I have suggested that (molecular) autopoiesis and collective autocatalysis are closely related ideas. Both involve something like a self-sustaining reaction network, and both require some mechanism of spatial localization or confinement for effective operation. The critical distinction is that autopoiesis specifically requires that this confinement should itself be in some sense a product of the confined reaction network, whereas collective autocatalysis is assumed to rely on some independent confinement mechanism.
This seems to me clear enough as far as it goes; but I still have some difficulty in deciding whether the full requirement of autopoiesis is met in particular cases. Specifically, consider the computer model system offered by Varela et al. (1974). It is true that, in this case, there is a cleavage of the space which confines the reaction network, and which is maintained as a specific consequence of the reaction network. However, it is also true that, as an integral aspect of the ongoing behaviour of this autopoietic system, the spatial boundary or membrane is regularly ruptured. The membrane is subsequently repaired again--and, indeed, this is arguably the chief phenomenon of interest in this system. Nonetheless, the fact that the spatial localization is regularly interrupted in this way makes it more difficult to be clear what exactly the ``topological'' autopoietic requirement or criterion is.
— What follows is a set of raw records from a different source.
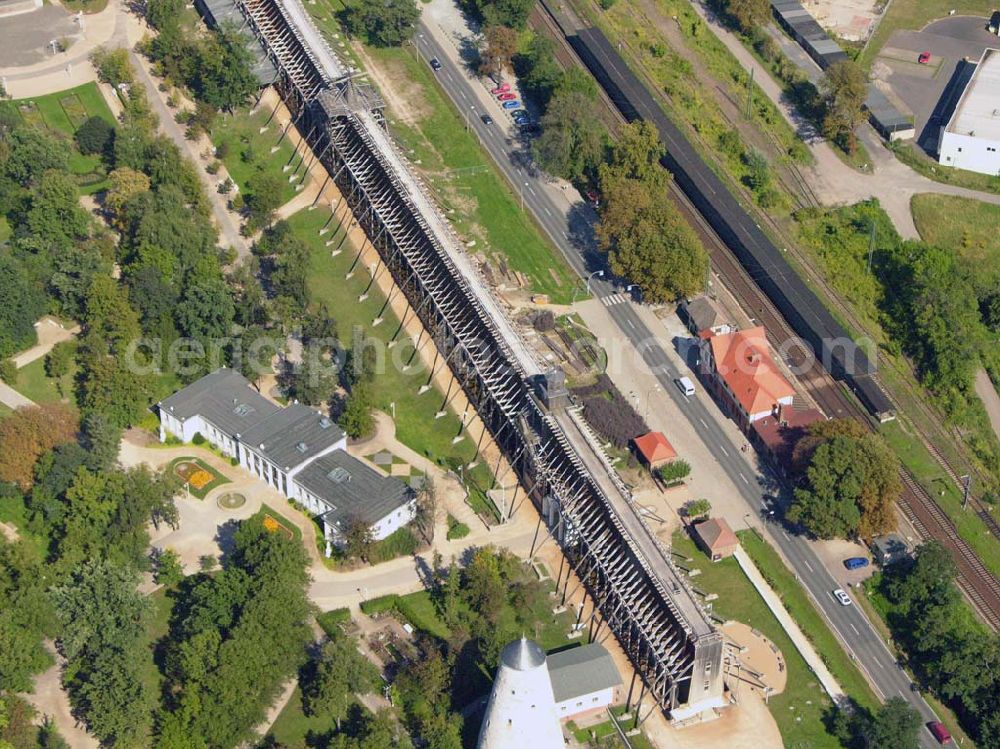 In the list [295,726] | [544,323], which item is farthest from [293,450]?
[544,323]

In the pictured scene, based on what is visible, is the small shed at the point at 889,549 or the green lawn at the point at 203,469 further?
the green lawn at the point at 203,469

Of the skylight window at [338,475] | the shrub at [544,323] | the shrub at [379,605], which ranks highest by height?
the skylight window at [338,475]

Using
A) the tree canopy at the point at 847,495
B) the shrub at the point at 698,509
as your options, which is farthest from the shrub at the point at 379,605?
the tree canopy at the point at 847,495

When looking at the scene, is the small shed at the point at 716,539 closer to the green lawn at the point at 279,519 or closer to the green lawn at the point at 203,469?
the green lawn at the point at 279,519

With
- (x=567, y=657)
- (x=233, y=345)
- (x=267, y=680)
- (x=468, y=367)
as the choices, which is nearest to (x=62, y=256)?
(x=233, y=345)

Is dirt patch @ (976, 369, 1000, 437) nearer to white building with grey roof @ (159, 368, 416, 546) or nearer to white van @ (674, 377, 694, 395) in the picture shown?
white van @ (674, 377, 694, 395)

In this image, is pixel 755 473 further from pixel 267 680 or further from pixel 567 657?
pixel 267 680

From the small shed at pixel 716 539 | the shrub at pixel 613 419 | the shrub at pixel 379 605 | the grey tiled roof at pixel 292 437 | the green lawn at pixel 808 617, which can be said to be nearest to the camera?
the green lawn at pixel 808 617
So I would like to suggest the following informal and heuristic test. Consider two instances of the same collectively self sustaining reaction network. For the moment I suppose that we do not know whether these should qualify as autopoietic or (merely) collectively autocatalytic. They are considered as instances of the same reaction network in the sense that the same set of molecular species is present in both cases; but they are separate instances in the sense that each is constituted (instantaneously) by distinct collections of individual molecules. Specifically I assume that, initially, they have been prepared or instantiated in separate reaction ``vessels'' (in the manner of the independent confinement mechanism already posited to support the continued operation of a collectively autocatalytic set). Now consider the situation if the contents of both vessels are ``mixed'' together. I assume that there will be continued availability of any necessary food set materials etc., so that the self-sustaining behaviour of the network(s) can continue unchanged. The key question now is whether there will still meaningfully be two instances of the reaction network or just one. That is, in the absence of any imposed spatial separation mechanism, do the networks themselves maintain their individuality? I would suggest that, if they do, then this reaction network may reasonably be classified as meeting the autopoietic criterion ``for specifying the topological domain of its realization''; whereas if not, then the network should be regarded only as collectively autocatalytic.